From the line with "Photo 17 of" to the end of the data below, restate each line word for word, both ends included, without the pictures.

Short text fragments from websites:

━━━━━━━━━━━━━━━━━━━━━━━━━━━━━━

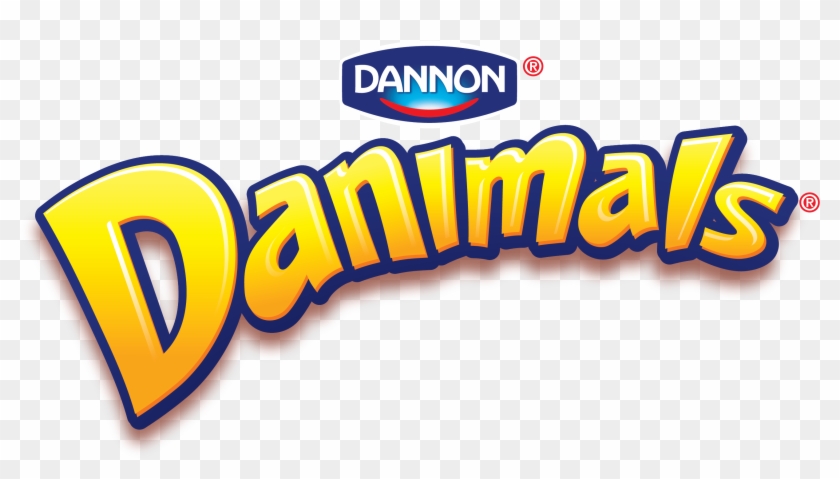 The Voting Phase Of The Dannon® School Contest Ended - Dannon Yogurt #1614347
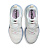 Кроссовки Nike Vomero 18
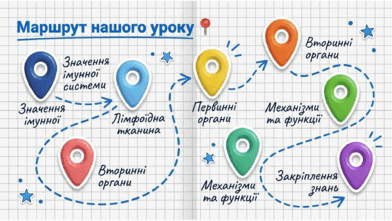 0902369r-ab7a-392x221.png
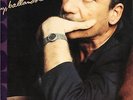 PAOLO CONTE-RARO LP 33 GIRI GERMANY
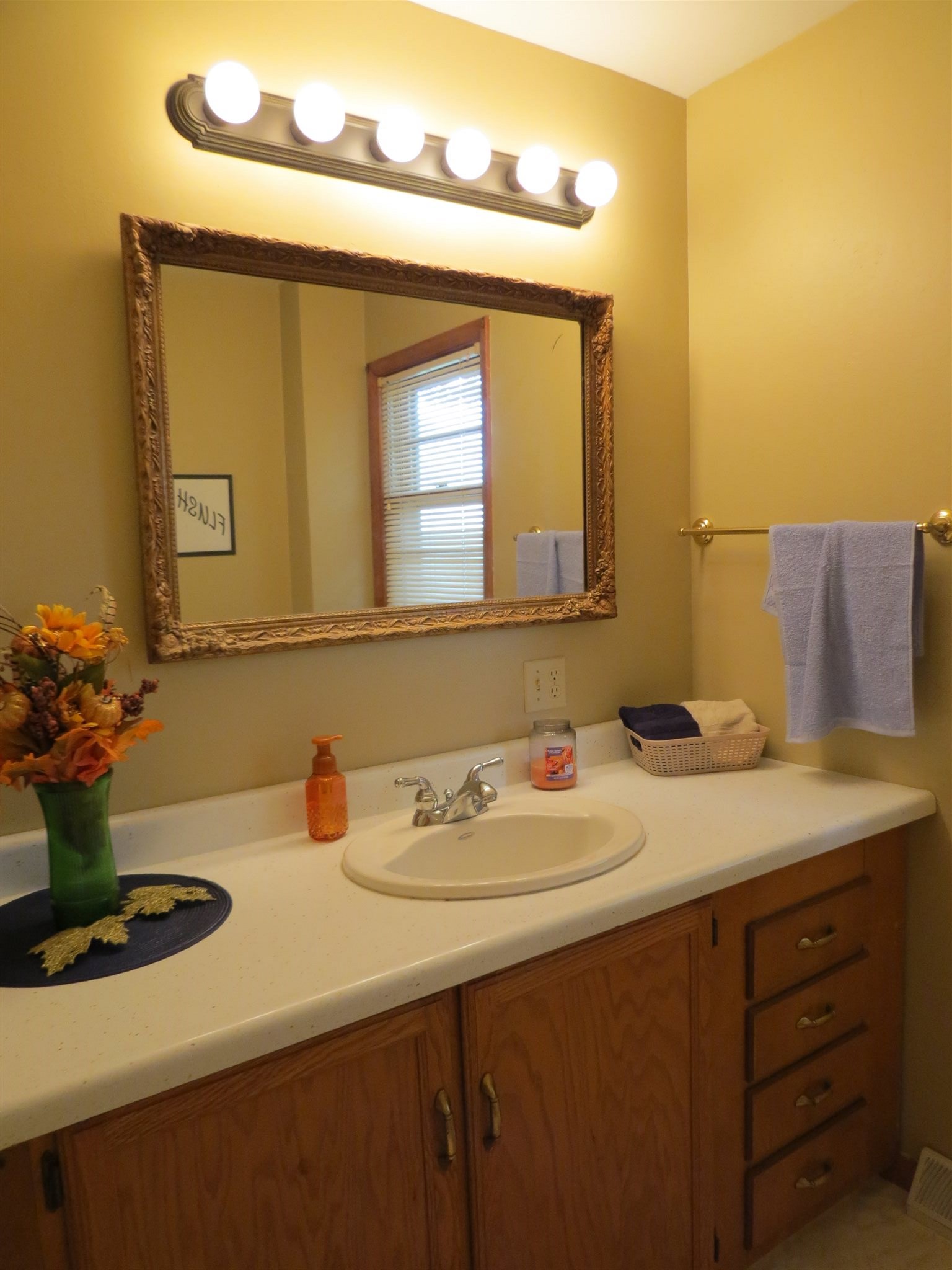 6125 Franke Road Fort Wayne, IN 46816 - Photo 9 of 36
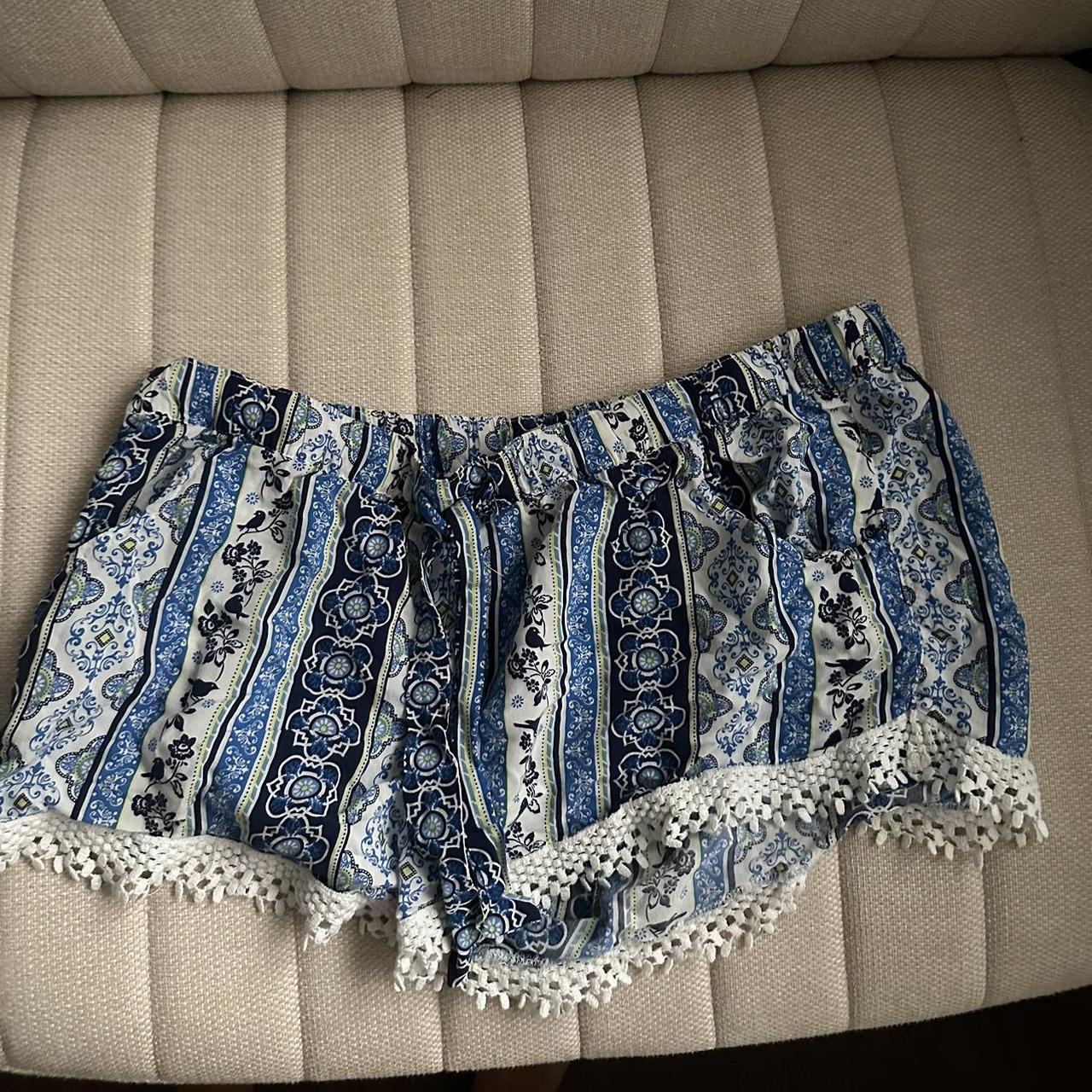 item listed by kschobel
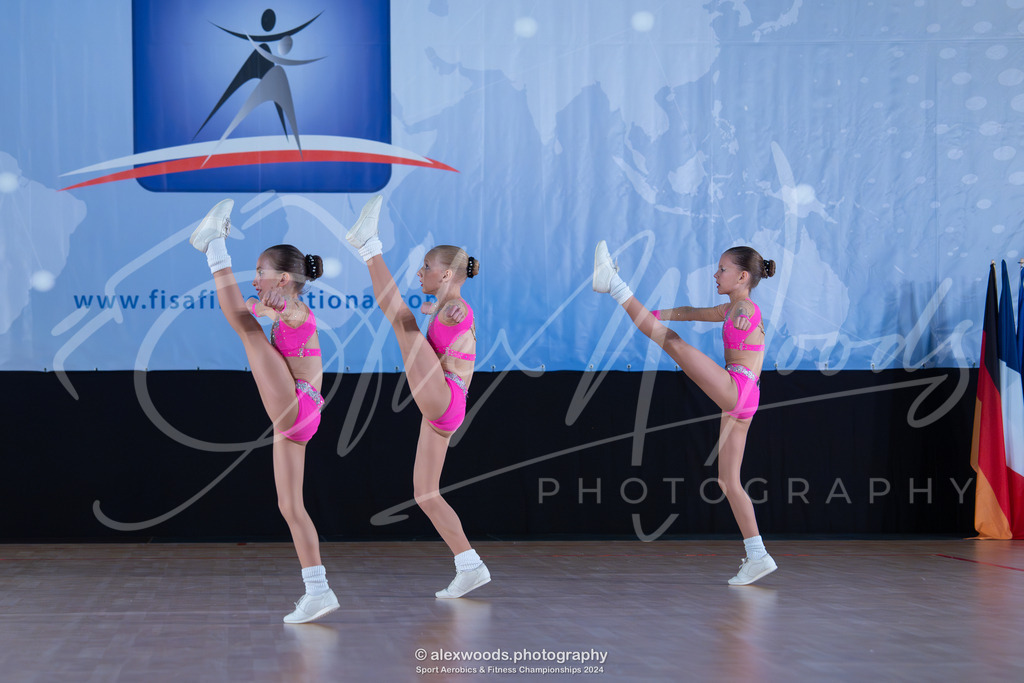 20240602_091719_AlexWoods_SA908480-Enhanced-NR | Alex Woods Photography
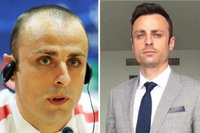 berbatov.jpg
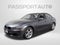 2013 BMW 328i xDrive 328i xDrive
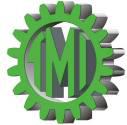 Fotos de Servicios Integrales De Mantenimiento,ca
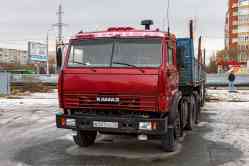 675 КБ
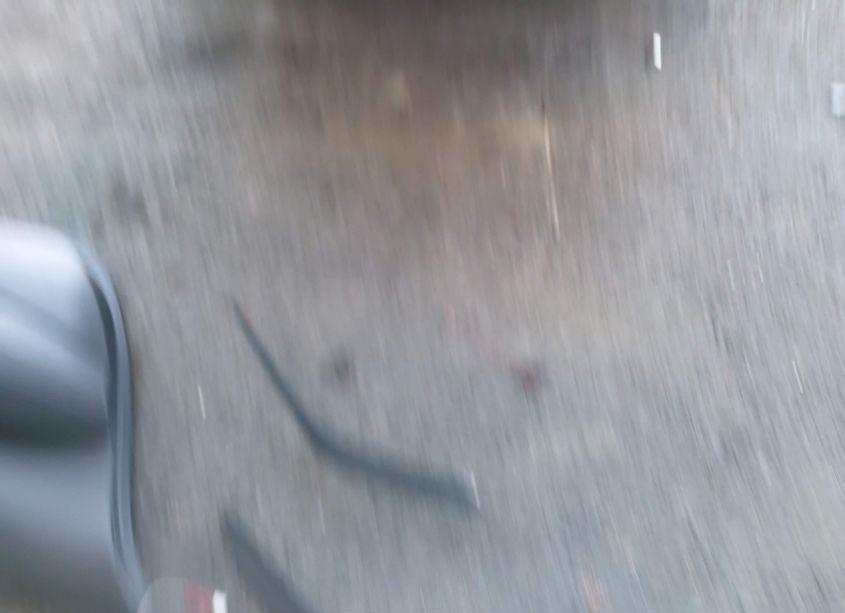 Photo 17 of 2021 Toyota Corolla LE (VIN 5YFEPMAE4MP163331)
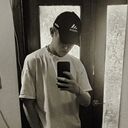  ,   Vadim, 20 ,     , c , 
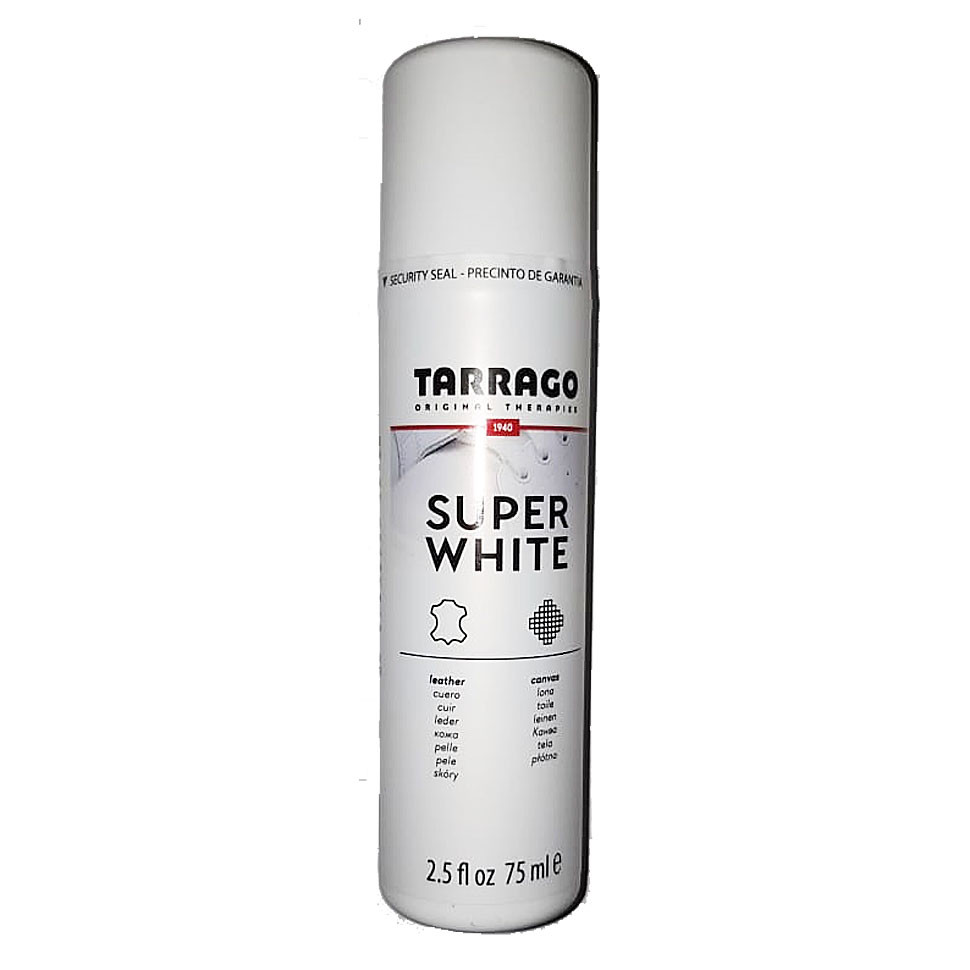 Краситель отбеливающий Super White TARRAGO, флакон, 75 мл.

━━━━━━━━━━━━━━━━━━━━━━━━━━━━━━

RESPONSE FOR THIS EXERCISE
 Photo 17 of 2021 Toyota Corolla LE (VIN 5YFEPMAE4MP163331)
  ,   Vadim, 20 ,     , c , 
 Краситель отбеливающий Super White TARRAGO, флакон, 75 мл.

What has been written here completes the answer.